*Description of the task*:
A word-for-word copy of the entries is needed, and it should contain no images.

*Short descriptive text snippets*:
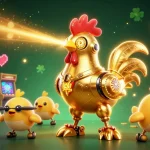 Experience the thrill of 79king with a vibrant 3D illustration featuring a golden rooster robot and baby chick drones amid dynamic casino-themed elements.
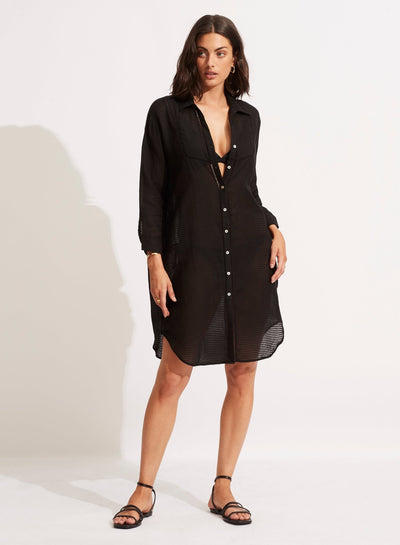 Seafolly Longshore cover Up In Black - Beach 2 Bar London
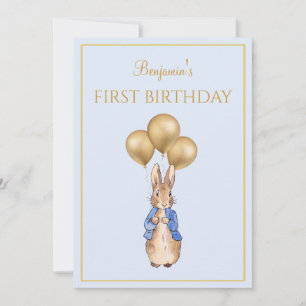 Custom Rabbit First Birthday Invitation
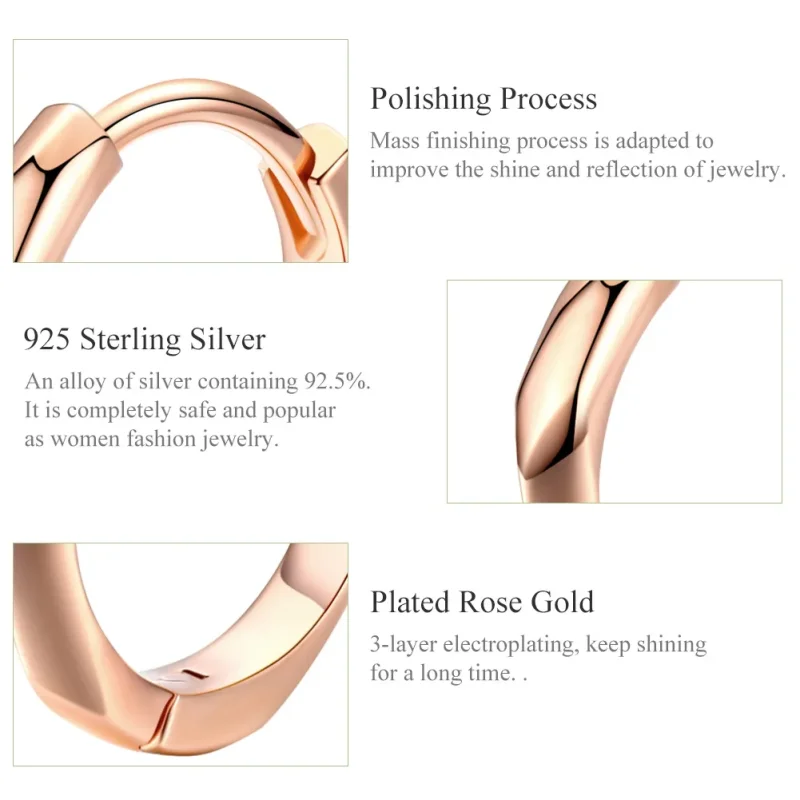 (image for) Pandora Style Rose Gold Simple Hoop Earrings - BSE119 - View 3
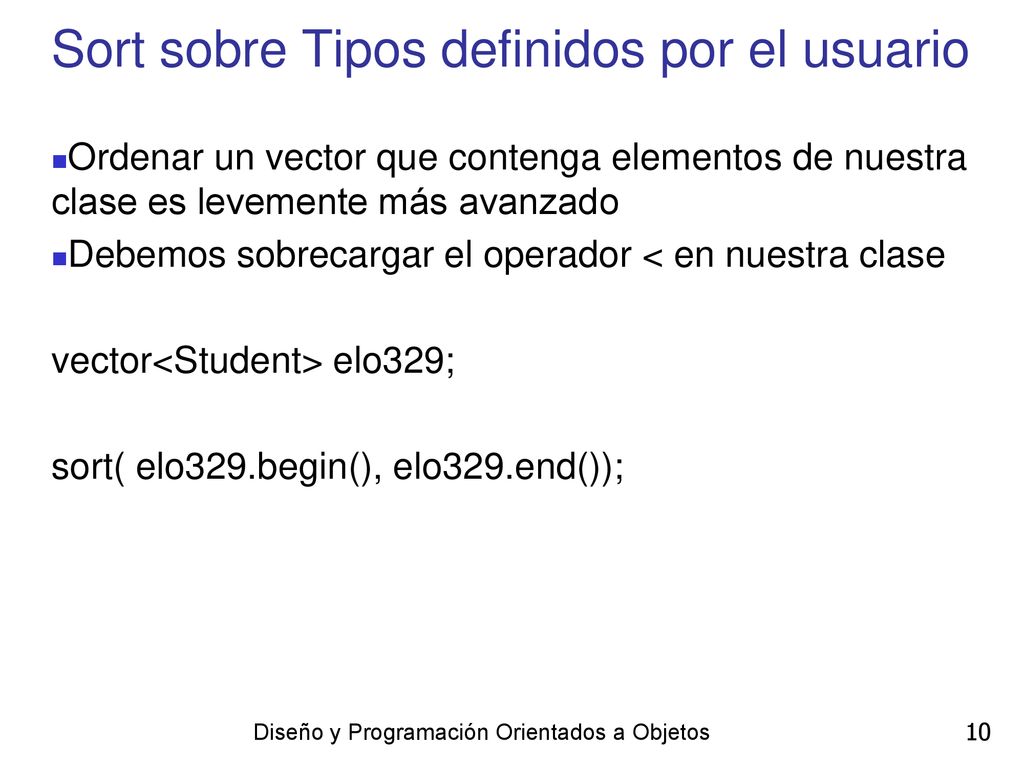 Sort sobre Tipos definidos por el usuario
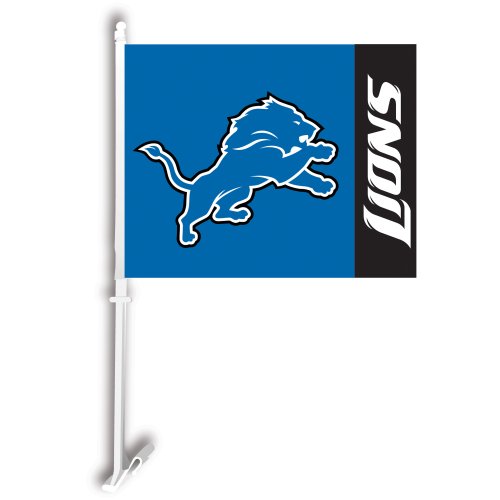 NFL Detroit Lions Car Flag with Wall Brackett
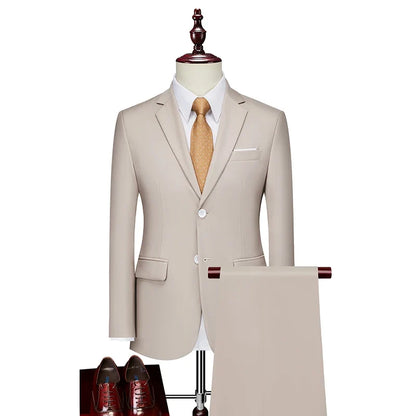 Men's 2024 Business Casual Wedding Suit Black Two-Piece Set with Waistcoat And Trousers Fashionable And Handsome Trend
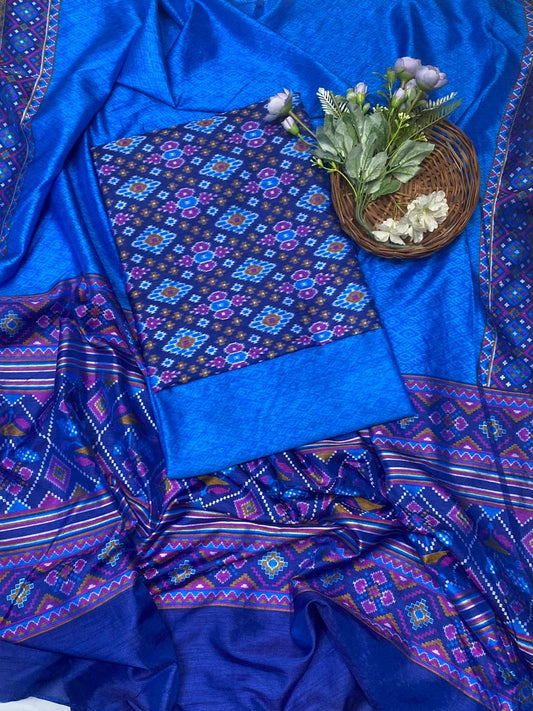 Patola Silk Navy Blue Suit Fabric / Summer Elegance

*Exercise solution*:
 Experience the thrill of 79king with a vibrant 3D illustration featuring a golden rooster robot and baby chick drones amid dynamic casino-themed elements.
 Seafolly Longshore cover Up In Black - Beach 2 Bar London
 Custom Rabbit First Birthday Invitation
 (image for) Pandora Style Rose Gold Simple Hoop Earrings - BSE119 - View 3
 Sort sobre Tipos definidos por el usuario
 NFL Detroit Lions Car Flag with Wall Brackett
 Men's 2024 Business Casual Wedding Suit Black Two-Piece Set with Waistcoat And Trousers Fashionable And Handsome Trend
 Patola Silk Navy Blue Suit Fabric / Summer Elegance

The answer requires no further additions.